Captioned web images
• • • •
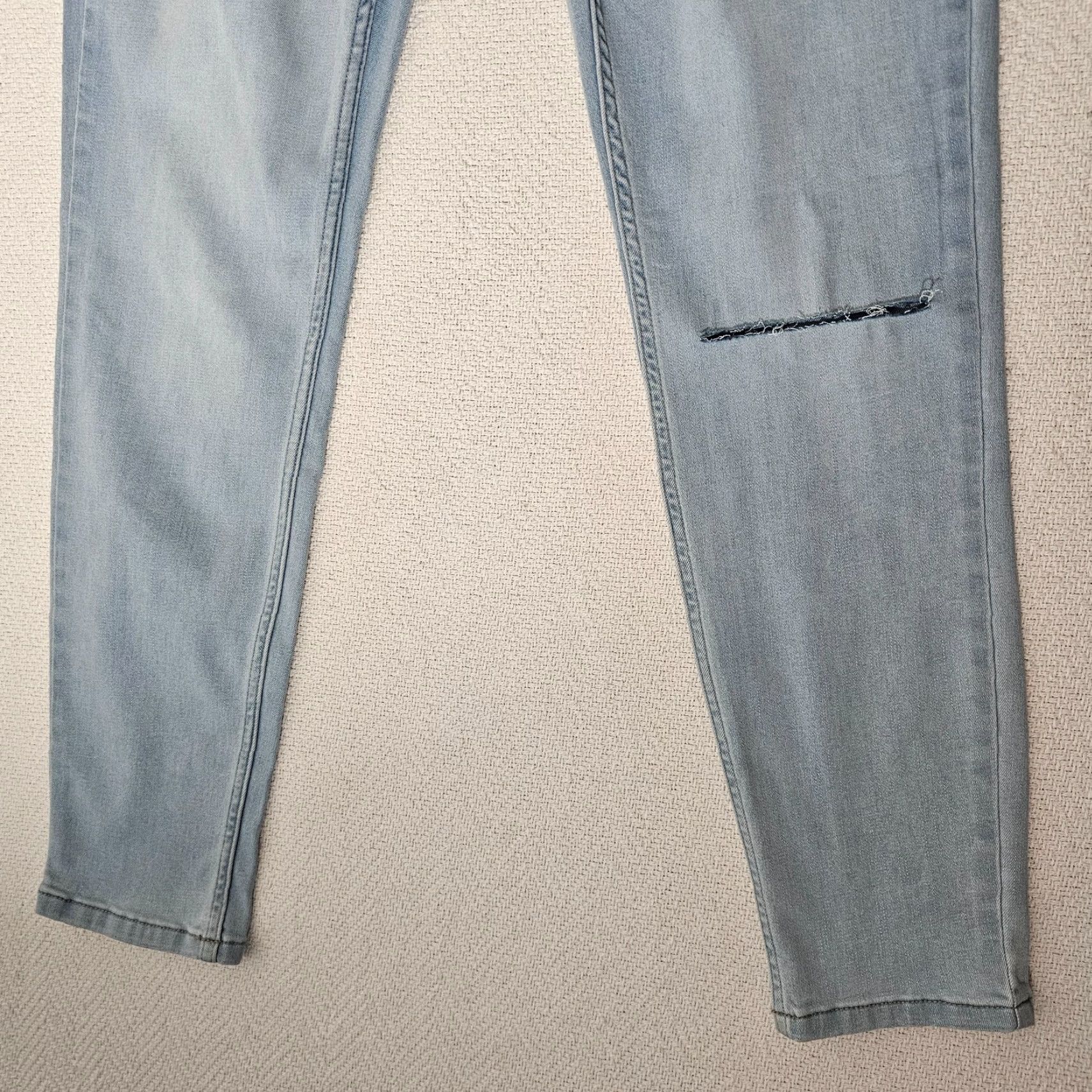 Calvin Klein Calvin Klein Jeans Legging Womens Size 30 Light Wash Stretch Denim Waist Classic 90s Comfortable Size 30" / US 8 / IT 44 - 2 Thumbnail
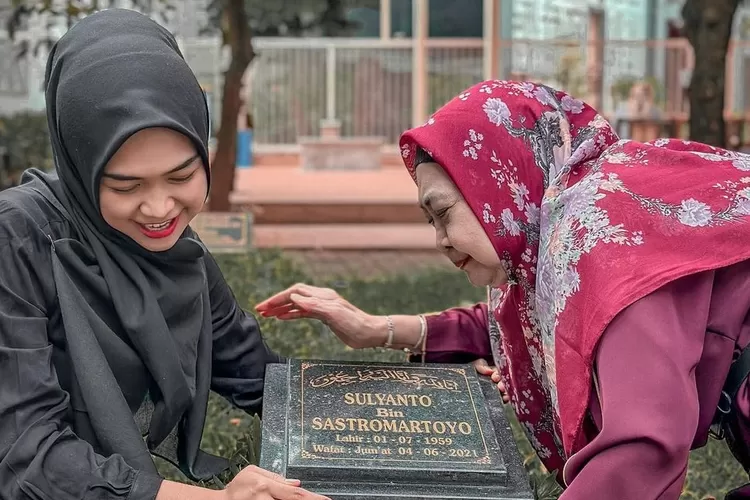 Ria Ricis ziarah ke makam ayah tanpa Teuku Ryan, isu keretakkan rumah tangga makin kuat, netter: Suaminya mana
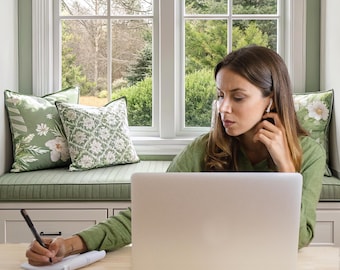 Fondo virtual de oficina en casa: Vista de ventana bohemia (1920 x 1080 px, descarga digital)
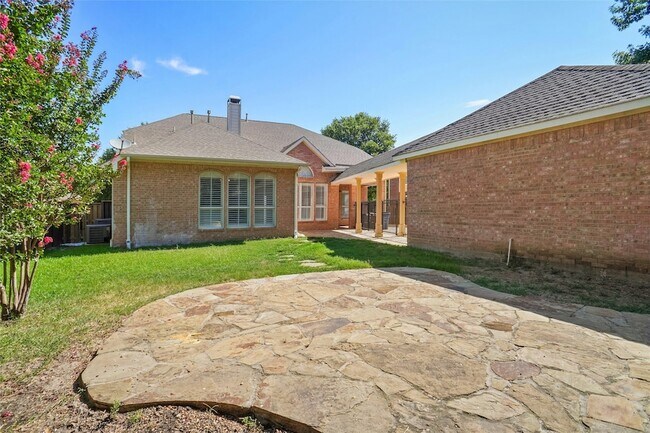 Building Photo - 719 Bryson Way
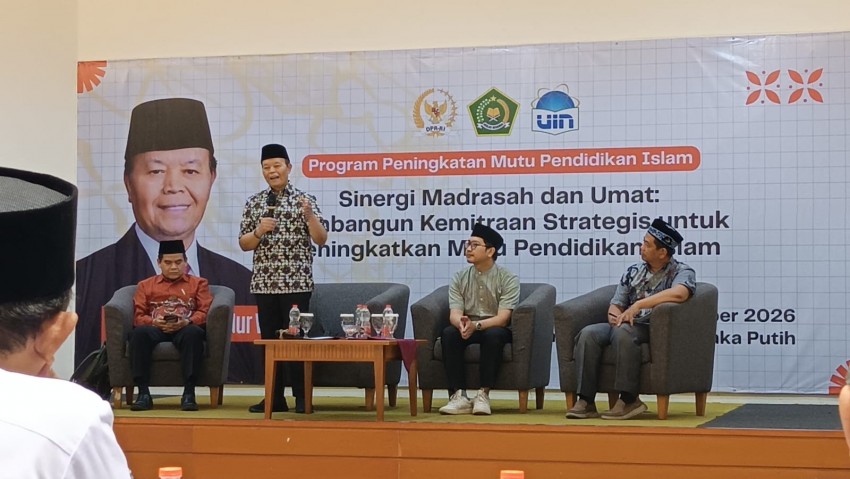 Hidayat Nur Wahid Dorong Pemerintah Optimalkan Dana Abadi Pesantren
• • • •
Instructions to follow: Retype all entries exactly as they appear, dropping the images.

Final answer:
 Calvin Klein Calvin Klein Jeans Legging Womens Size 30 Light Wash Stretch Denim Waist Classic 90s Comfortable Size 30" / US 8 / IT 44 - 2 Thumbnail
 Ria Ricis ziarah ke makam ayah tanpa Teuku Ryan, isu keretakkan rumah tangga makin kuat, netter: Suaminya mana
 Fondo virtual de oficina en casa: Vista de ventana bohemia (1920 x 1080 px, descarga digital)
 Building Photo - 719 Bryson Way
 Hidayat Nur Wahid Dorong Pemerintah Optimalkan Dana Abadi Pesantren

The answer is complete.